Cationic (Co)polymers Based on N-Substituted Polyacrylamides as Carriers of Bio-macromolecules: Polyplexes, Micelleplexes, and Spherical Nucleic Acidlike Structures.

Affiliation

Haladjova E(1), Dimitrov I(1), Davydova N(2), Todorova J(3), Ugrinova I(3), Forys A(4), Trzebicka B(4), Rangelov S(1).
Author information:
(1)Institute of Polymers, Bulgarian Academy of Sciences, Sofia 1113, Bulgaria.
(2)A.N. Nesmeyanov Institute of Organoelement Compounds of Russian Academy of Sciences, Moscow 119991, Russia.
(3)Institute of Molecular Biology, Bulgarian Academy of Sciences, Sofia 1113, Bulgaria.
(4)Centre of Polymer and Carbon Materials, Polish Academy of Sciences, Marie Curie-Sklodowskiej 34, Zabrze 41-819, Poland.

Abstract

Novel N-substituted polyacrylamides bearing a cycle with two tertiary amines, poly(4-methyl-piperazin-1-yl)-propenone (PMPP) and its block copolymers with polylactide (PMPP-b-PLA), are synthesized and characterized.
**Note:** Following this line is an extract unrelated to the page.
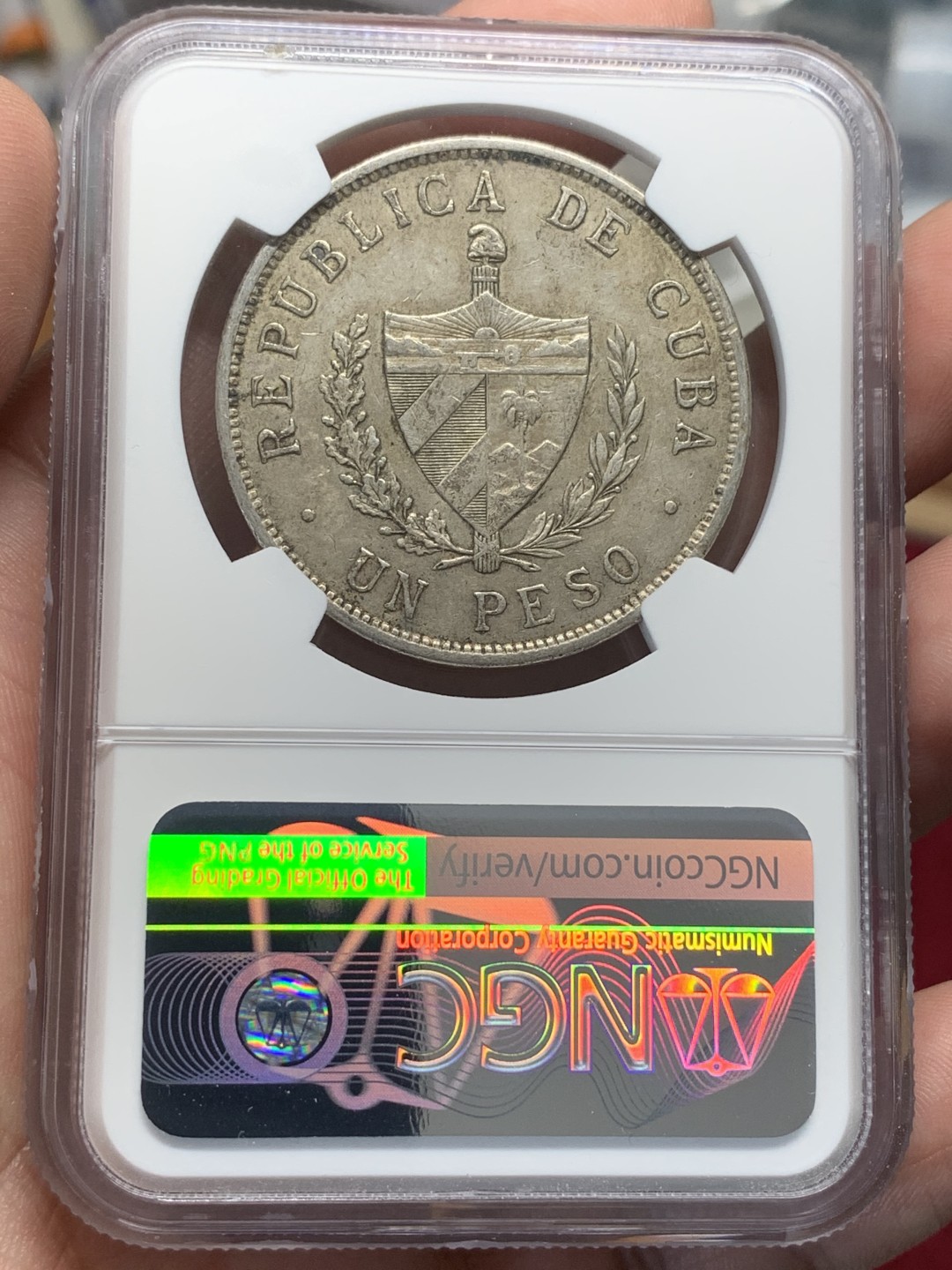 《竞宝斋》第95场-本周日，周一，周四，3场连拍（全场不限金额包邮） NGC-AU55 古巴1933年 大五星1比索银币 好品带底光 味道也不错 暴涨品种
The homopolymers are water-soluble, whereas the block copolymers self-assemble in aqueous solution into a small size (Rh around 30 nm), are narrowly distributed, and exhibit core-shell micelles with good colloidal stability. Both the homopolymers and copolymer micelles are positively charged (ζ-potentials in the 13.8-17.6 mV range), which are employed for formation of electrostatic complexes with oppositely charged DNA. Complexes (polyplexes, micelleplexes, and spherical nucleic acidlike structures) in a wide range of N/P (amino to phosphate groups) ratios are prepared with short (115 bp) and long (2000 bp) DNA. The behavior and physicochemical properties of the resulting nanocarriers of DNA are strongly dependent on the polymer/polymer micelles' characteristics and the DNA chain length. All systems exhibit low cytotoxicity and good cellular uptake ability and show promise for gene delivery and regulation.